• United States



Microsoft’s Culture Clash

Apr 15, 20052 mins
CSO and CISOData and Information Security

There didn’t seem to be any downsides in Howard Schmidt’s mind. In the late 1990s, the former CSO at Microsoft watched as the company’s Web presence exploded

and experienced rising numbers of attacks. Schmidt, who headed up IT security, and others had to decide which investigators from physical or IT security should respond. “That’s when we saw value in converging the two,” says Schmidt.

Soon the decision was made to converge the IT and physical security teams as a whole. In the spring of 2000, Bob Herbold, Microsoft’s then-COO, gave Schmidt the OK to move security out of the IT organization into his. (The new merged group would report to the COO.) But soon there were problems. “I made my biggest mistakeI didn’t anticipate the cultural differences,” says Schmidt. The physical folks had expected to be promoted to the same pay levels as the IT staff.
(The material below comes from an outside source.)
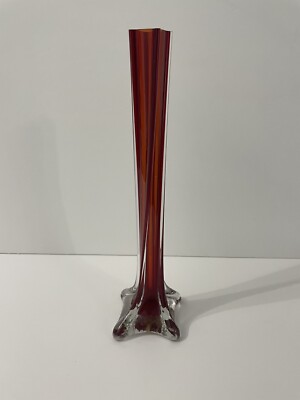 Vintage Mid Century Modern Soliflore Orange Red Amber Glass Bud Vase 10” H-image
Schmidt had intended to cross-train his team, but he realized that while some of the physical people were on the way to get technical training, they didn’t have the technical aptitude of some IT security people.

The bottom line was that HR decided that pay scales would remain the same. That ticked off some of the physical folks. “Initially everybody was excited, but in a matter of months there was the perspective that, I’m doing the same job, I should be getting higher compensation. It became a distraction from the day-to-day work,” he says.

About a year later, when the COO retired, Schmidt helped form a new group, Microsoft’s trustworthy computing security group. The converged security team was moved back into the IT organization under the CIO. And after 9/11, Schmidt left Microsoft to work full-time on national cybersecurity in the White House. But he still believes in convergence. “The best manager of a security organization has physical and IT experience,” he says.